Conduct a performance test for HCN from each catalytic cracking unit no
later than August 1, 2017 or within 60 days of startup of a new unit
according to the applicable requirements in paragraphs (a)(6)(i) and
(ii) of this section.
* * * * *
(d) * * *
(1) If you must meet the HAP metal emission limitations in Sec.
63.1564, you elect the option in paragraph (a)(1)(v) in Sec. 63.1564
(Ni lb/hr), and you use continuous parameter monitoring systems, you
must establish an operating limit for the equilibrium catalyst Ni
concentration based on the laboratory analysis of the equilibrium
catalyst Ni concentration from the initial performance test. Section
63.1564(b)(2) allows you to adjust the laboratory measurements of the
equilibrium catalyst Ni concentration to the maximum level. You must
make this adjustment using Equation 1 of this section as follows: * * *
(2) If you must meet the HAP metal emission limitations in Sec.

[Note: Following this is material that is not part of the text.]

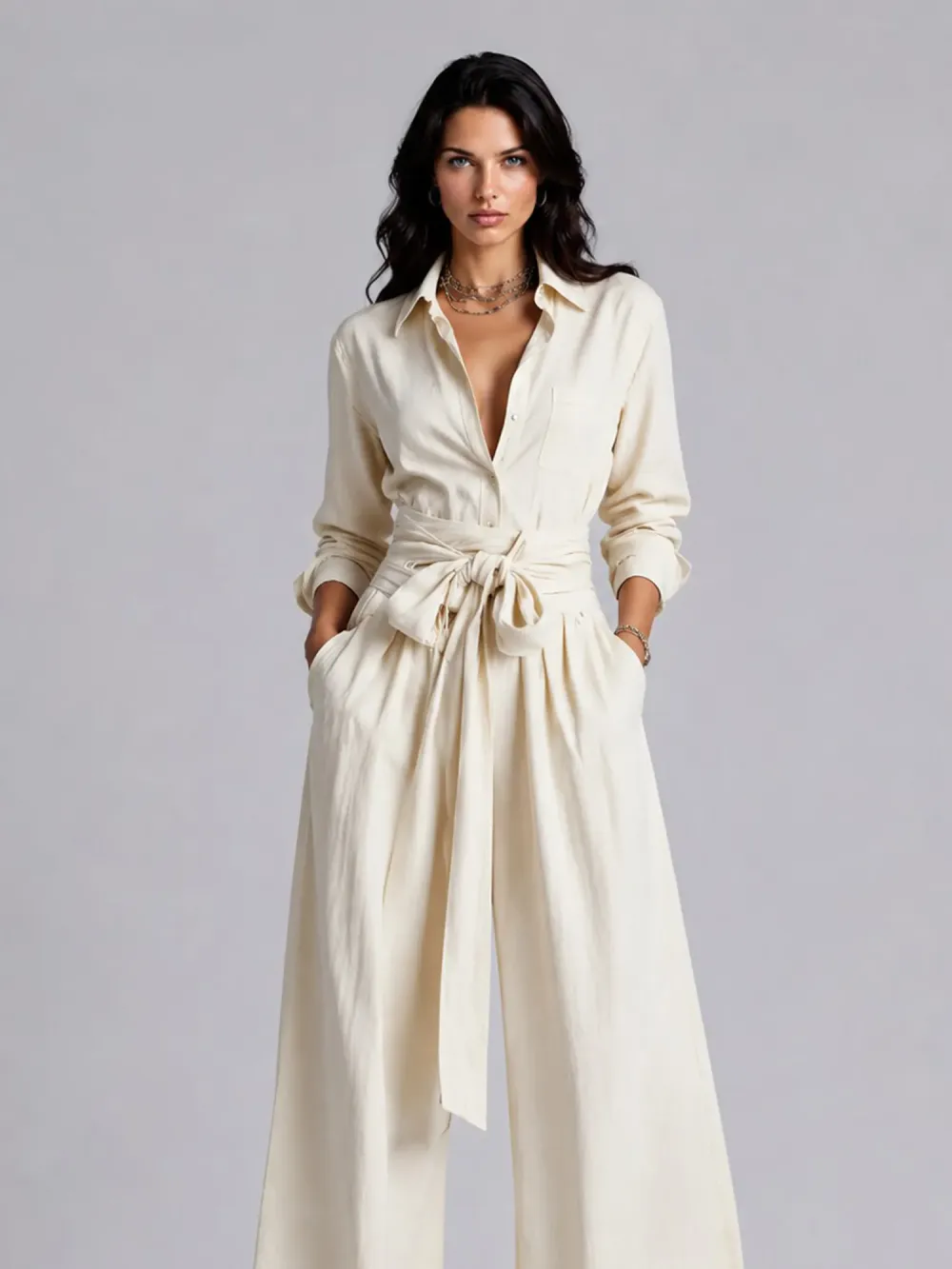 Allison Long-sleeve Lace-up Jumpsuit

63.1564, you elect the option in paragraph (a)(1)(vi) in Sec. 63.1564
(Ni per coke burn-off), and you use continuous parameter monitoring
systems, you must establish an operating limit for the equilibrium
catalyst Ni concentration based on the laboratory analysis of the
equilibrium catalyst Ni concentration from the initial performance
test. Section 63.1564(b)(2) allows you to adjust the laboratory
measurements of the equilibrium catalyst Ni concentration to the
maximum level. You must make this adjustment using Equation 2 of this
section as follows: * * *
* * * * *
0
21. Section 63.1572 is amended by revising paragraphs (c)(1) and (d)(1)
to read as follows:
Sec. 63.1572 What are my monitoring installation, operation, and
maintenance requirements?
* * * * *
(c) * * *
(1) You must install, operate, and maintain each continuous
parameter monitoring system according to the requirements in Table 41
of this subpart. You must also meet the equipment specifications in
Table 41 of this subpart if pH strips or colormetric tube sampling
systems are used. You must meet the requirements in Table 41 of this
subpart for BLD systems. Alternatively, before August 1, 2017, you may
install, operate, and maintain each continuous parameter monitoring
system in a manner consistent with the manufacturer's specifications or
other written procedures that provide adequate assurance that the
equipment will monitor accurately.
* * * * *
(d) * * *
(1) Except for monitoring malfunctions, associated repairs, and
required quality assurance or control activities (including as
applicable, calibration checks and required zero
[[Page 15486]]
and span adjustments), you must conduct all monitoring in continuous
operation (or collect data at all required intervals) at all times the
affected source is operating.
* * * * *
0
22. Section 63.1573 is amended by revising paragraph (a)(1)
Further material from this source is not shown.